Dosyada davacının … Çalışma ve İş Kurumu Müdürlüğünün 27.09.2012 tarihli müfettiş incelemesi sırasında alınan 19.09.2012 tarihli ifadesinde 2 sezondur davalı işyerinde çalıştığını , bar bölümünde 08.00-18.00 ve 18.00-01.00 saatleri arasında 2 vardiyalı ve günde 10 saat çalıştığını beyan ettiği görülmekle davacının bu beyanının kendisi açısından bağlayıcı olduğu anlaşılmakla davacının 19.09.2012 tarihli bu ifade tutanağı da göz önüne alınarak ve davacının talebiyle bağlı kalınarak hesaplama yapılması gerekirken yazılı şekilde hüküm kurulması hatalı olup bozma nedenidir.
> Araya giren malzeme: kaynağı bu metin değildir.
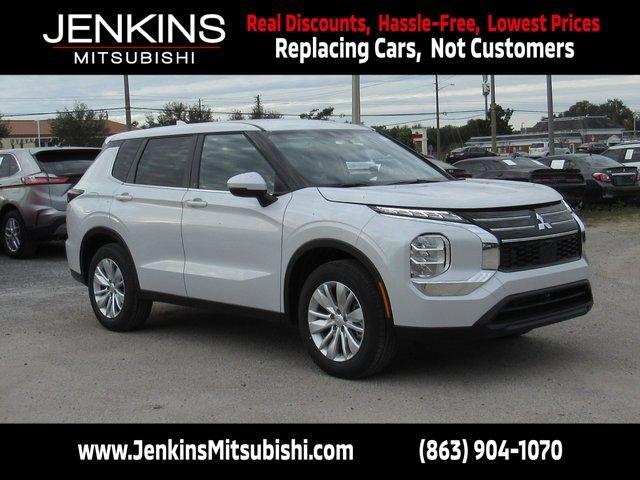 Mitsubishi Outlander - View 1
Ayrıca davacıya ait bordrolarda fazla mesai tahakkuklarının bulunduğu anlaşılmakla davacının maaş hesabının bulunduğu bankadan maaş ödeme kayıtları getirtilerek bordrolarla maaş ödeme kayıtlarının karşılaştırılarak bordrolarda görünen fazla mesai tahakkuklarının yapılıp yapılmadığı tespit edilerek ve varsa fazla mesai tahakkuku yapılan dönemleri dışlayarak davacının fazla mesai alacağının belirlenmesi gerekirken eksik incelemeyle yazılı şekilde hüküm kurulması da hatalıdır.
SONUÇ: Yukarıda açıklanan nedenlerle temyiz olunan kararın BOZULMASINA, aşağıda yazılı temyiz harcının davacıya yükletilmesine, peşin alınan temyiz harcının istek halinde davalıya iadesine, 15.09.2015 tarihinde oybirliğiyle karar verildi.